Roads not only in Berland CodeForces 25D 并查集

D. Roads not only in Berland

time limit per test

2 seconds

memory limit per test

256 megabytes

input

standard input

output

standard output

Berland Government decided to improve relations with neighboring countries. First of all, it was decided to build new roads so that from each city of Berland and neighboring countries it became possible to reach all the others. There are n cities in Berland and neighboring countries in total and exactly n - 1 two-way roads. Because of the recent financial crisis, the Berland Government is strongly pressed for money, so to build a new road it has to close some of the existing ones. Every day it is possible to close one existing road and immediately build a new one. Your task is to determine how many days would be needed to rebuild roads so that from each city it became possible to reach all the others, and to draw a plan of closure of old roads and building of new ones.

Input

The first line contains integer n (2 ≤ n ≤ 1000) — amount of cities in Berland and neighboring countries. Next n - 1 lines contain the description of roads. Each road is described by two space-separated integers ai, bi (1 ≤ ai, bi ≤ n, ai ≠ bi) — pair of cities, which the road connects. It can't be more than one road between a pair of cities. No road connects the city with itself.

Output

Output the answer, number t — what is the least amount of days needed to rebuild roads so that from each city it became possible to reach all the others. Then output t lines — the plan of closure of old roads and building of new ones. Each line should describe one day in the format i j u v — it means that road between cities i and j became closed and a new road between cities u and v is built. Cities are numbered from 1. If the answer is not unique, output any.

Sample test(s)

input

2
1 2

output

0

input

7
1 2
2 3
3 1
4 5
5 6
6 7

output

1
3 1 3 7

虽然是个水题，不过也是自己周赛第一次拿一血的题目啊 纪念一下喽

E题题意：告诉n个城市，然后告诉n-1条已经连通的道路，为使n个城市全都连通，即可以从任意城市到另外一个城市，现在每天可以新修一条路并且关闭一条路，问最少需要多少天可以使n个城市连通。

 

思路：并查集。在输入的时候把每个点之间的关系建立起来，并记录下有多少条多余的路，即已经添加到同一个集合中。
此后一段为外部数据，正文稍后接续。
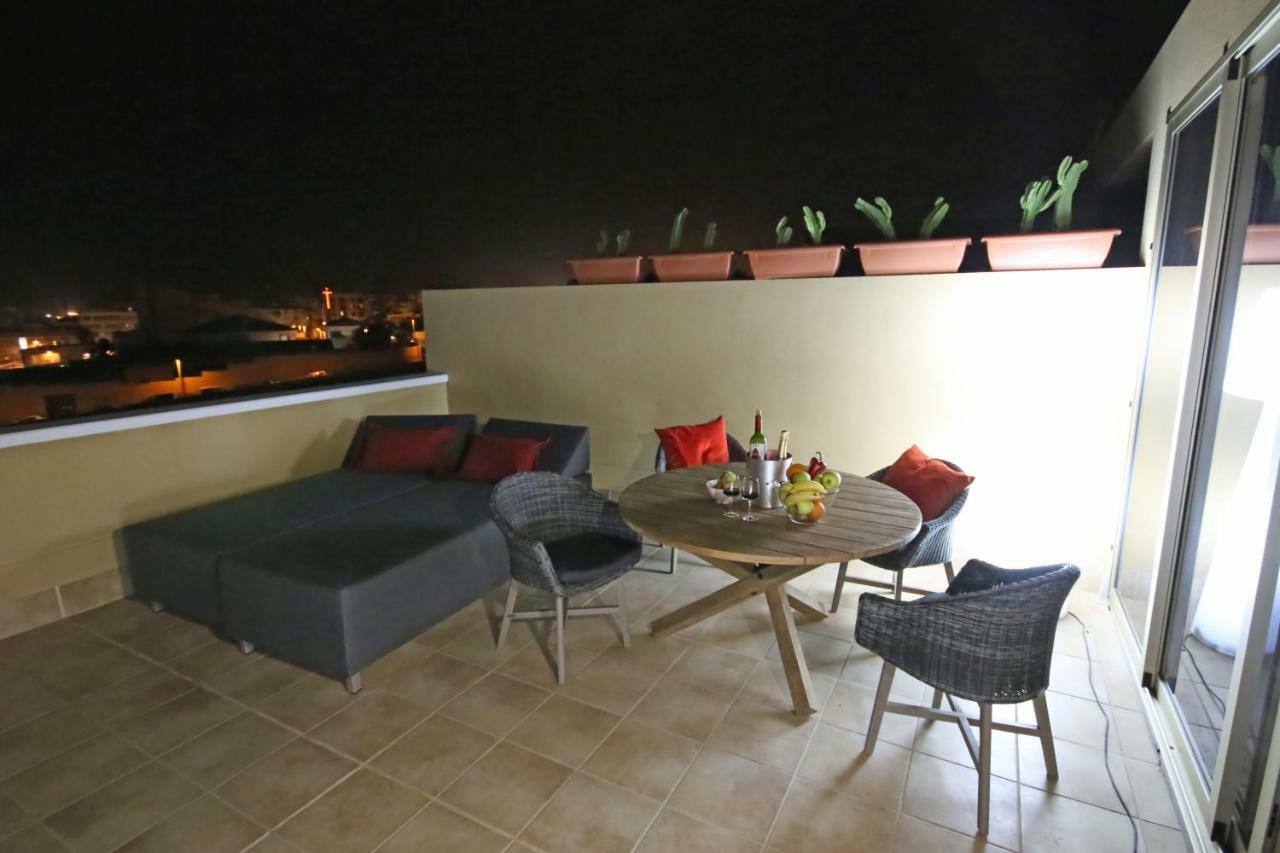 Апартаменты La Perla By Rentmedano Superb Luxury Duplex, Private Roof Terrace, Ocean View, Pool, Wifi And Parking Эль-Медано Экстерьер фото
然后遍历每一个fa[i]记录集合数num,那么num-1就是需要建立的道路数。

 

#include <iostream>
#include <stdio.h>
#include <string>
#include <cstring>
#include <cmath>
#include <algorithm>

#define N 10009
using namespace std;

int fa[N];

struct Node
{
    int a,b;
}f[N];

int findfa(int x)
{
    if(x==fa[x])
    return fa[x];
    else
    return findfa(fa[x]);
}

int n;
int g[N];

int main()
{
    while(~scanf("%d",&n))
    {
        int a,b;

        for(int i=1;i<=n;i++)
        fa[i]=i;

        int ans1=0;

        for(int i=1;i<n;i++)
        {
            scanf("%d %d",&a,&b);
            int aa=findfa(a);
            int bb=findfa(b);

            if(aa==bb)
            {
                f[ans1].a=a;
                f[ans1].b=b;
                ans1++;
            }

            if(aa<bb)
            fa[bb]=aa;
            else
            fa[aa]=bb;
        }

//        for(int i=0;i<ans1;i++)
     //   cout<<f[0].a<<" "<<f[0].b<<endl;

        int num=0;

        for(int i=1;i<=n;i++)
        {
            if(fa[i]==i)
            {
                g[num]=i;
                num++;
            }
        }

        printf("%d\n",num-1);

        int i=0;
       while(1)
        {
            if(i>=num-1) break;
            printf("%d %d %d ",f[i].a,f[i].b,g[i]);
            i++;
            printf("%d\n",g[i]);
        }


    }
    return 0;
}